**Your instructions:**
Please copy the listing that follows exactly, leaving out any pictures.

**Information shown:**
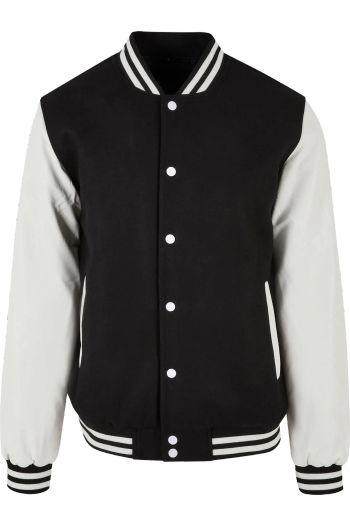 Oldschool College Jacket teddy by269 - Black / White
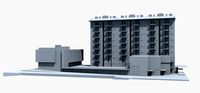 Mall and Residential Building Exterior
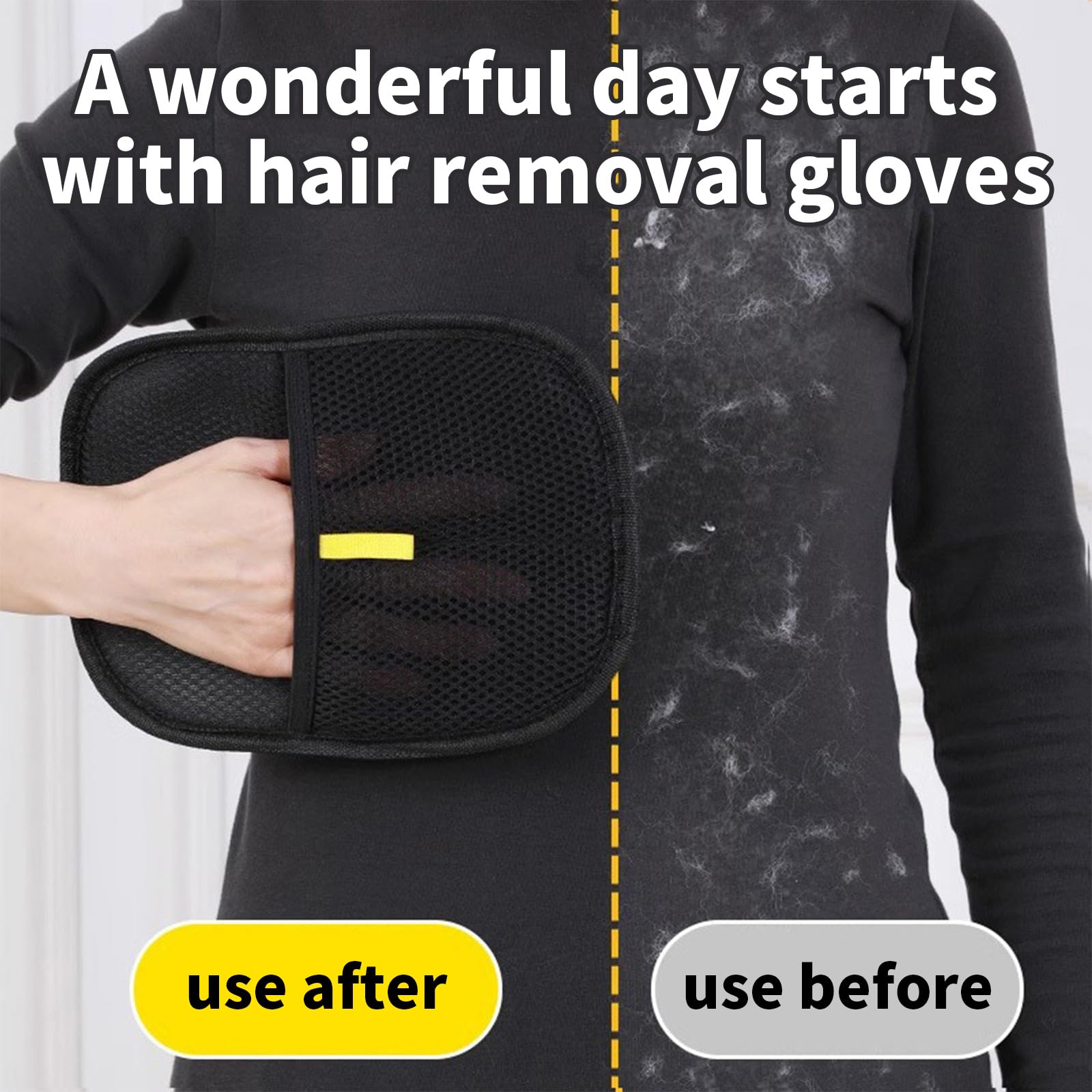Apanbar Furhero Mitt uses electrostatic action to attract hair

**Solution to the exercise:**
 Oldschool College Jacket teddy by269 - Black / White
 Mall and Residential Building Exterior
Apanbar Furhero Mitt uses electrostatic action to attract hair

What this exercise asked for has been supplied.